Irony? The drag queens, butch lesbians and various other costumed guests at the disco party didn't seem the least bit terrorized by their proximity to the red, white and blue presence of the phenomenon I've dubbed "Hoffmania."

Yet Frank Rich was both heebed and jeebed, his nightmares haunted by right-wing accountants and menacing women on cable news shows. Dr. Frankenrich decided that his Halloween costume would be Madame Defarge listening for the telltale rumble of tumbrel wheels over cobblestones, as Jacobinism sends an innocent Republican woman to the "guillotine." Having missed the party in Plattsburgh, Frank Rich didn't know what I knew, and probably didn't care to learn.

A few hours later, I dropped in on a quite different Halloween scene in Saranac Lake. For some reason I am sure the locals understand, Hoffman's hometown has a huge hippie scene. The Woodstock generation lives on at the Waterhole on Main Street.

Saturday night, the big upstairs room at the Waterhole hosted a blues-rock band dressed for the occasion in bright yellow-and-black bumblebee costumes. They played a 12-minute rendition of the Allman Brothers' "Whipping Post" that was Fillmore-worthy. I captured most of it on video, but am now poaching the lobby computer at a hotel where I'm not a guest, so no more uploading video now.

The patrons of the Waterhole were not gay-fabulous like the Plattsburghers on the queen scene, but yet were gaily costumed. One young lady presented an impressively good imitation of the St. Pauli Girl. There were perhaps a half-dozen Satans, both male and female, and no shortage of zombies, ghouls and other horrid monsters.

There was also a 40-ish woman dressed -- tartan pleated skirt, knee socks, white blouse, blue sweater -- like a Catholic schoolgirl. She regretted her choice of shoes, having been unable to find either oxblood penny loafers or patent leather maryjanes to complete her ensemble.

Some of these Adirondack hippies are, in fact, Paulistas. There is more than one counterculture up here, and the doobie-burning anti-war free-marketeers are not really so rare. None of these dopehead peacenik capitalists seemed the least bit interested in politics. Their minds were a million miles away from anything to do with candidates and elections.

For a few moments, my thoughts were similarly remote from the story I had been chasing for days.

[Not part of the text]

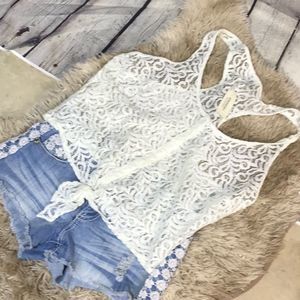 Cute Aeropostale Lace Tank W/Tie Front NWT…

The duel guitar solos of the bumblebee band's "Whipping Post" entranced me, and there was no deadline in my mind. They could have played all night, but I couldn't stay all night.

Here in this Sleepy Hollow land on Halloween, the resurrected Reaganite dream has disturbed the slumbers of Frank Rich many miles away in Manhattan. Is this the Second Coming? the Third? the Fourth? Goldwater to Reagan to Gingrich to . . . Doug Hoffman?

Haunted by Hoffman will never become a classic DVD in the collections of horror-movie buffs. Jason or Freddie Krueger, he ain't. And if the Nightmare On Main Street in Saranac Lake is any indication, the Left will have a hard time turning the town's native son into a Scary Right-Wing Monster.

"The Second Coming" by Yeats warns of apocalyptic consequences when the best lack all conviction -- a phrase that cannot be applied to Hoffman, whose strongest claim to the loyalty of his supporters is that he has quite strong convictions about matters economic, fiscal and monetary.

Watching while the apolitical adults of the Adirondacks reveled in childlike non-innocence on Halloween, I wondered what Judge Bork might say. Was this liberty or license? And what of Yeats, whose blood-dimmed tide has receded in cultural memory?

Questions multiply and answers are still as scarce as ever. Revelations? We've got none yet.
Surely some revelation is at hand;
Surely the Second Coming is at hand . . .
The Second Coming! . . .
The darkness drops again; but now I know
That twenty centuries of stony sleep
Were vexed to nightmare by a rocking cradle,
And what rough beast, its hour come round at last,
Slouches towards Bethlehem to be born?


  1. Foggy recollection of the History Channel says Halloween was, at first, an adult holiday. Not until the 20th century did children join.